=== RECORDS SHOWN ===
▼
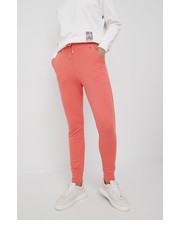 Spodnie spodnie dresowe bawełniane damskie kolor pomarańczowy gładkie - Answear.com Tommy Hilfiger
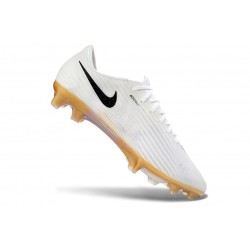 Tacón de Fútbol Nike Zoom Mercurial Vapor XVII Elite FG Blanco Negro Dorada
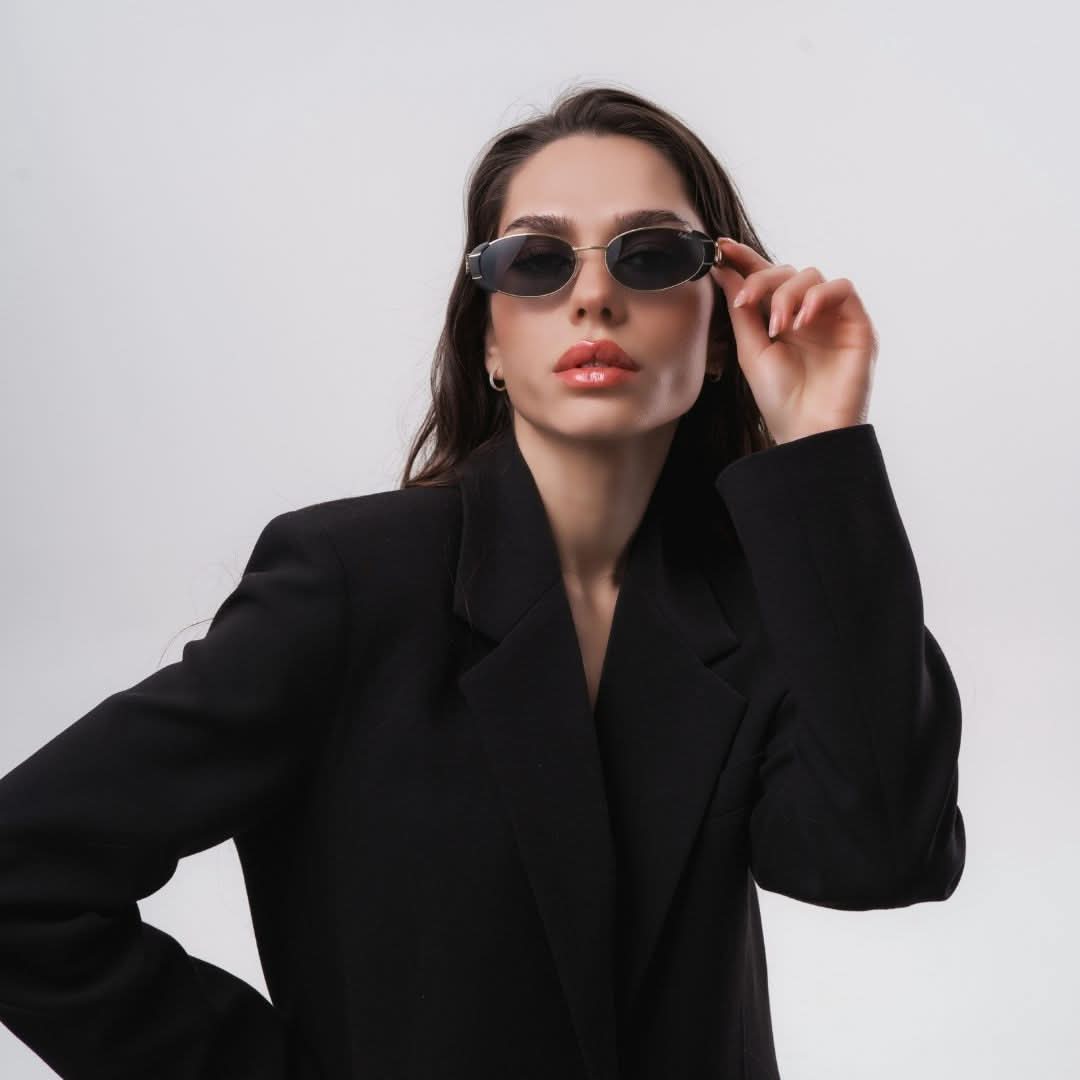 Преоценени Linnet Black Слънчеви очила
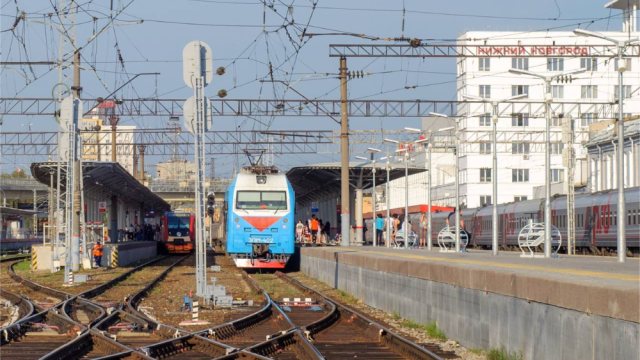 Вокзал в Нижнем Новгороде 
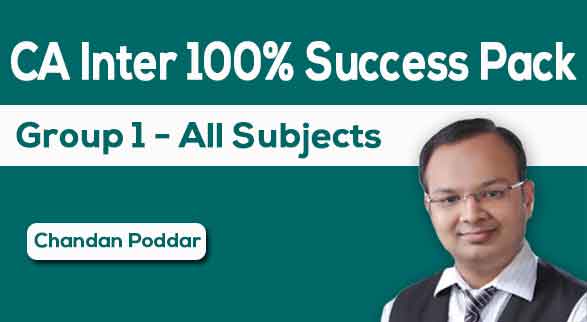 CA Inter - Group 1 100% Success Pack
▲
=== INSTRUCTIONS FOR THE TASK ===
Restrict the output to the lines from the one with "Преоценени Linnet Black Слънчеви очила" through the last line of the material above. Print them exactly, leaving out every picture.

=== RESPONSE BELOW ===
 Преоценени Linnet Black Слънчеви очила
 Вокзал в Нижнем Новгороде 
 CA Inter - Group 1 100% Success Pack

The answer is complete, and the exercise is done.